Question number four is what his lecture audience must, by this time, have been agog to hear answered; the answer this time is “no.” The philosopher in Hacking takes over the reality question, and he turns to the pragmatism of C.S. Pierce: “The opinion which is fated to be ultimately agreed to by all who investigate, is what we mean by the truth, and the object represented in this opinion is the real.” Since we no longer use the diagnosis, hysterical fugue is no longer a real mental illness—though it could conceivably become one again. Hacking hopes not (why? it seems a healthy, outdoor form of madness compared to most). He believes that psychiatry is in any case in a transitional stage, with new research and new drugs appearing, and psychotherapy taking new forms.

Last comes the question about present-day transient mental illnesses. Yes, he says, they are in the same position as those of the previous century. For the recent craze for multiple personality disorder there was a niche—he cites identity and gender confusion, family disintegration, trauma studies, even afternoon talk shows as relevant. MPD, he believes, was a sincere diagnosis, but it went wild.
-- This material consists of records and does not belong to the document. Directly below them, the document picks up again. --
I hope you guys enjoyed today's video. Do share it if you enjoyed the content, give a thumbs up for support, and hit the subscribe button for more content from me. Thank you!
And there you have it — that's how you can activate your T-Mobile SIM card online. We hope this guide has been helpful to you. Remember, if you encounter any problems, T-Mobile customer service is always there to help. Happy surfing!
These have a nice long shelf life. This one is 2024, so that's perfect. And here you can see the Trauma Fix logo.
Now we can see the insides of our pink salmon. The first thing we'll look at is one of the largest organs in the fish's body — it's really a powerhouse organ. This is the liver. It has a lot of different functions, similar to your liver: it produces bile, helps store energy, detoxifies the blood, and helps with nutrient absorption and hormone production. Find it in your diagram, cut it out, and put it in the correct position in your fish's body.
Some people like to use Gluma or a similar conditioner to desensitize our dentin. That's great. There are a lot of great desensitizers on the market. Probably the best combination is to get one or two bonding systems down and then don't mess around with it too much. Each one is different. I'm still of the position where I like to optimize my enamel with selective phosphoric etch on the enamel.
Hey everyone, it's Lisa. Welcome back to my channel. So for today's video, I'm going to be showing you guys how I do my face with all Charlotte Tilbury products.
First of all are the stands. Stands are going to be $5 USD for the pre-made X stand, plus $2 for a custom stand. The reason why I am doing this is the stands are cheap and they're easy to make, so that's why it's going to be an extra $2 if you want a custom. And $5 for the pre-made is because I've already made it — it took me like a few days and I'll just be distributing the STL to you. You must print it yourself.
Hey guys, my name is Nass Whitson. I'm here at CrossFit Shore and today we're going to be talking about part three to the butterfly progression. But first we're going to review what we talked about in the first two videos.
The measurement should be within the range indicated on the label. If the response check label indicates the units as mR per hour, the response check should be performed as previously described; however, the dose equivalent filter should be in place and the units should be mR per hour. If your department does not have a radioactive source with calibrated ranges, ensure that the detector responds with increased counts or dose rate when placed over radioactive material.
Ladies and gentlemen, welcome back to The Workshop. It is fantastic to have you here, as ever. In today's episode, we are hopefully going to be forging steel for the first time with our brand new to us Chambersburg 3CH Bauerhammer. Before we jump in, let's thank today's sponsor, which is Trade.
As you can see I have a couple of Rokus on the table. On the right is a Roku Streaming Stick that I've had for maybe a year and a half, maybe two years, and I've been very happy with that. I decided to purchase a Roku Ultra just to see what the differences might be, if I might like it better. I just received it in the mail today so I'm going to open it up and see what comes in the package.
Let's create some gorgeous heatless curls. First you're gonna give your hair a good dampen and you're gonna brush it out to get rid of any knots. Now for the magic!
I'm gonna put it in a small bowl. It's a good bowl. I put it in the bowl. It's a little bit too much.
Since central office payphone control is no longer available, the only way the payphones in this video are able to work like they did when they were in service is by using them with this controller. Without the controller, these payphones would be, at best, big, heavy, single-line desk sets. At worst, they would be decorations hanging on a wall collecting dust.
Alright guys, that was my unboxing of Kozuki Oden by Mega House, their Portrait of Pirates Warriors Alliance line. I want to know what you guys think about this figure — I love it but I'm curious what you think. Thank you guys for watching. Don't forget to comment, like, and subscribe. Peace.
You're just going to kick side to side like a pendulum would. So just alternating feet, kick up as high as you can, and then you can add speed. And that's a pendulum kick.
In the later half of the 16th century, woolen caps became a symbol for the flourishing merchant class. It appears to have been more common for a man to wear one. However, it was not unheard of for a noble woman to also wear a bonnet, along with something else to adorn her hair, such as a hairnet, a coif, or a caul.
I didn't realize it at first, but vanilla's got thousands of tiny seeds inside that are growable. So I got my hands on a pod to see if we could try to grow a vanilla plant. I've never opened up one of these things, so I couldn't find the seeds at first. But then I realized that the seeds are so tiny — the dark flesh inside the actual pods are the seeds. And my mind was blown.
He hopes that it too will disappear forever, and post-traumatic stress disorder as well. This latter wish could provoke argument. Is there not a case for illness that is caused by massive insult to the mind? Perhaps the reply would be that there is a result of the insult, but not an illness caused by it. Once there is a label, certainly, it will be overused. What about the indeterminate “personality disorder”? If a person were a tree that grew up crooked in a windy corner, a gardener might invent the “east wind disorder” and move it. May there even be insults to the planet that make us ill? (Pace Elaine Showalter, the Ministry of Defence in Britain has just recognized Gulf War syndrome.) I wonder whether Hacking cherishes a hope that changes in nomenclature could reduce human suffering. I am afraid Beckett was right, though: “The tears of the world are a constant quantity.”

In his introduction, Hacking remarks that though current fiction is much preoccupied with psychiatric puzzles, in our accounts of medical history we now lack “the great narrative scope of the old French case histories, even of Freud himself, to get a glimpse of how our fellow men and women break up, in a time and at a place.” Mad Travelers can compete with, sometimes outshine, the best of them.